Saturday, August 4, 2012
Dried Apricots (a Kathi post)
Once upon a time I had a really good job with a library group. One of the things that made it really good was some of the people I got to work with (even if they are mostly liberals). I have been away from that job for a couple years now, but I stay in touch with the best ones through Facebook and occasional in-person gatherings.
One of those spiffy ladies now owns a house with an apricot tree that produced a bunch of fruit this year (probably because SHE owns it now -- she's special like that).
She shared with me about 20 pounds of those little fruits. She brought them by my office one day last week.
At first I thought I would make jam. That's kinda my standard response to a bunch of ripe fruit. But Jim suggested that we dry them instead. Yes! What a great idea. I can use them at Christmas-time for fruit breads or fruitcake (ahem. yes -- I LIKE it!) or I can make a compote or jam later, I would think.
So, when I got home from work the next day, we prepared them for drying.
The first thing we did was sort them and discarded the very few brown and mushy fruits. Seriously -- it was less than a handful. But it's a good thing we didn't wait until I got home TWO days later.

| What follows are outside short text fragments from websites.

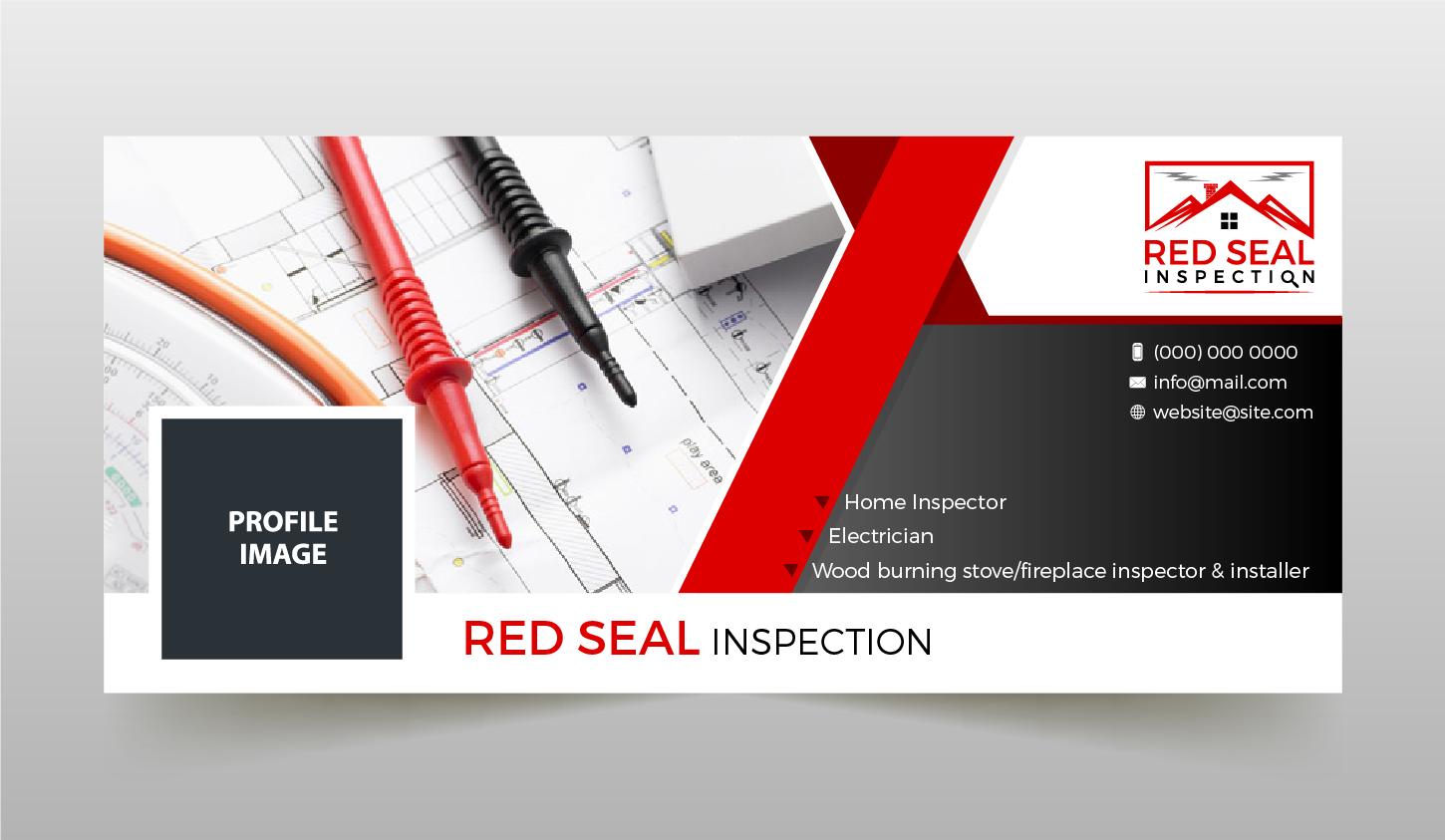 Facebook Design by Akshar Shailesh for Red Seal Inspection | Design #13926337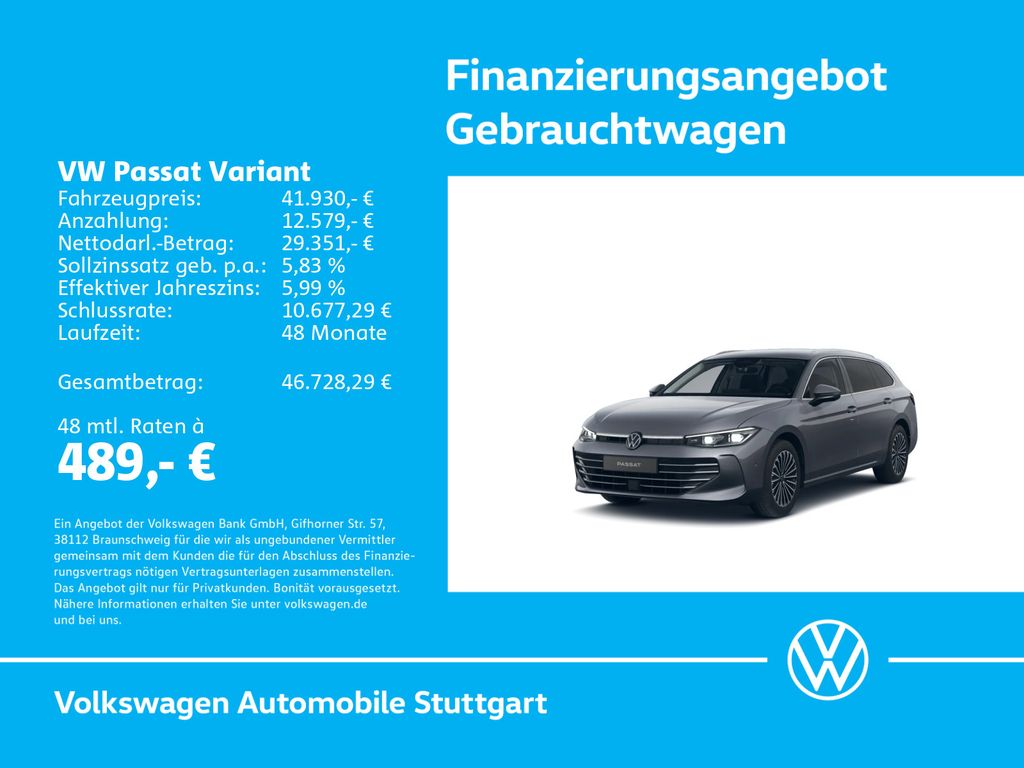 Image of Volkswagen Passat Variant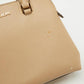 Beige Leather Small Idina Satchel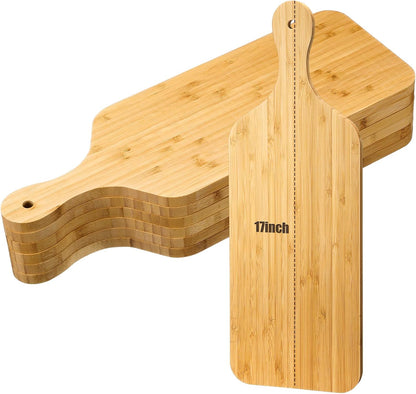 6 Pcs Thicken Cutting Board Bulk Wood Board for Chopping Serving Charcuterie Material for Laser Engraving Mother' Day Wedding Housewarming Gift(Acacia)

Then we peeled them. Doesn't that sound like it was a lot of work? But all we did was to dump them into a kettle of lightly boiling water, then turned the burner off. We waited 90 seconds, then plunged them into a bowl of ice water, let them sit a moment, then drained the water off by pouring them into a big-assed colander. (Sorry, Mom, that I said "ass.") When prepared this way, the skins just pull or fall off, which makes it very quick and easy. Jim trotted all those skins out and put them in the compost bin.
We then cut them in half, and placed them in a bowl of lemon water to keep them from browning.

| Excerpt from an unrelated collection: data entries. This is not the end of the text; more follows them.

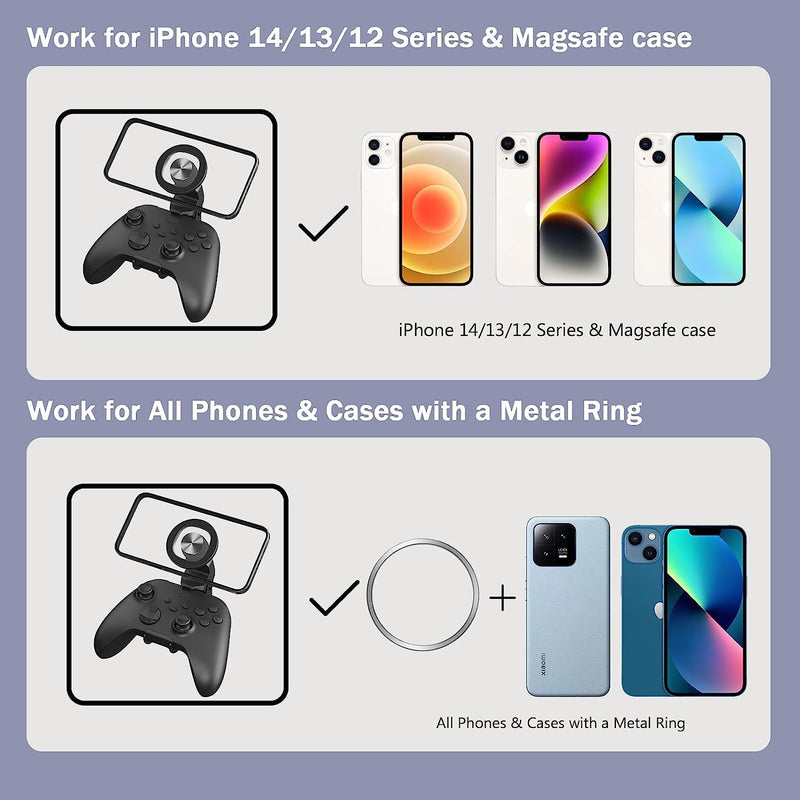 [AUSTRALIA] - Xbox Controller Phone Mount - Gaming Phone Holder,MagSafe phone mount Magnetic for Xbox One & Xbox Series X|S Controllers 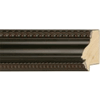2 3/4" Black W/ Red Rub Picture Frame Moulding,Frame Molding. M350105A B/W II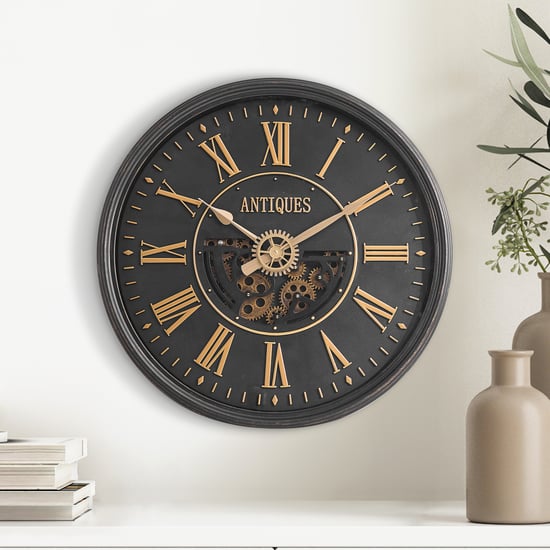 Casablanca Folk Torque Moving Gear Wall Clock - 50cm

Once they were all halved and in the juice, we drained the liquid off again, sprinkled them very lightly with white granulated sugar, and placed them on the fruit-leather sheets that came with our dehydrator. I don't know what they are really called. If you have a small, non-industrial dehydrator, you can just place them on the racks and they won't fall through. (Oh, that reminds me -- I need to tell Jim that London Broil is on sale at our King Soopers this week so he can make some tasty jerky.)
Then Jim loaded the racks into our dehydrator and set the timer and temperature according to the booklet that came with our dehydrator (which was 16 hours at 135 degrees).
The next morning when I got up, they were done!
Then, we just put them into a plastic container and now they are ready for us to use anytime we are ready for them.
Our dog, Nugget, helped (of course).